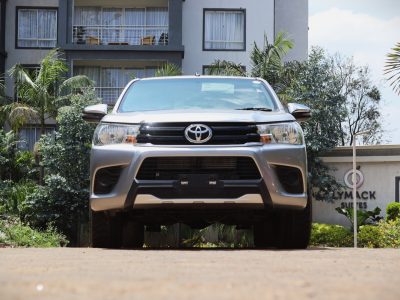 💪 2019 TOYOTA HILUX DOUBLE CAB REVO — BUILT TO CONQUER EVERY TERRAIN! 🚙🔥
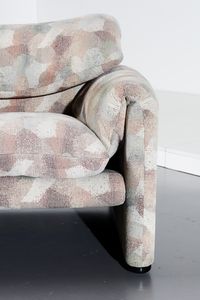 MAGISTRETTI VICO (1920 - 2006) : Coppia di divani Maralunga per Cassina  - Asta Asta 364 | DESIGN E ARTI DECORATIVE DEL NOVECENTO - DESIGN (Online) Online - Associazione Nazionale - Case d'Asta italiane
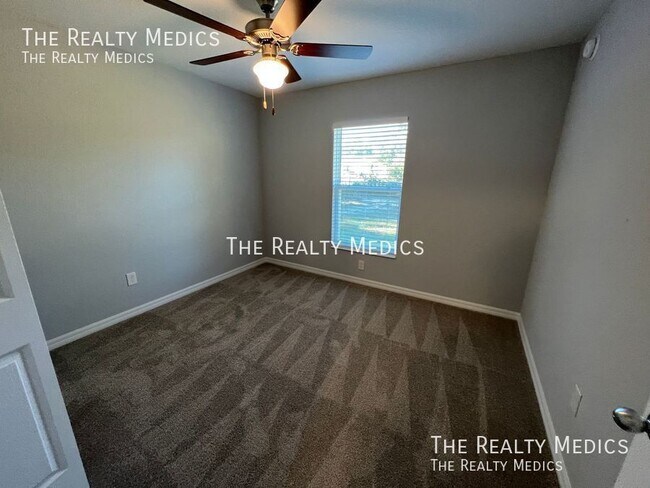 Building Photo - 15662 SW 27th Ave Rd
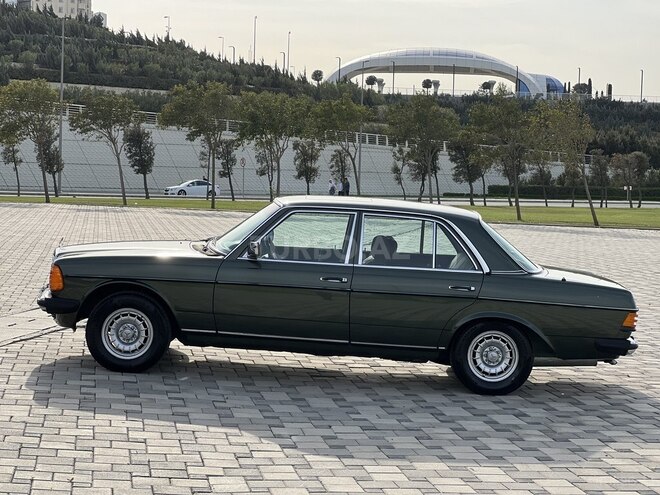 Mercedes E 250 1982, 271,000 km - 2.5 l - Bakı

▶ [Task]
Everything above except the pictures must be restated exactly.

▶ [Reply to the exercise]
 💪 2019 TOYOTA HILUX DOUBLE CAB REVO — BUILT TO CONQUER EVERY TERRAIN! 🚙🔥
 MAGISTRETTI VICO (1920 - 2006) : Coppia di divani Maralunga per Cassina  - Asta Asta 364 | DESIGN E ARTI DECORATIVE DEL NOVECENTO - DESIGN (Online) Online - Associazione Nazionale - Case d'Asta italiane
 Building Photo - 15662 SW 27th Ave Rd
 Mercedes E 250 1982, 271,000 km - 2.5 l - Bakı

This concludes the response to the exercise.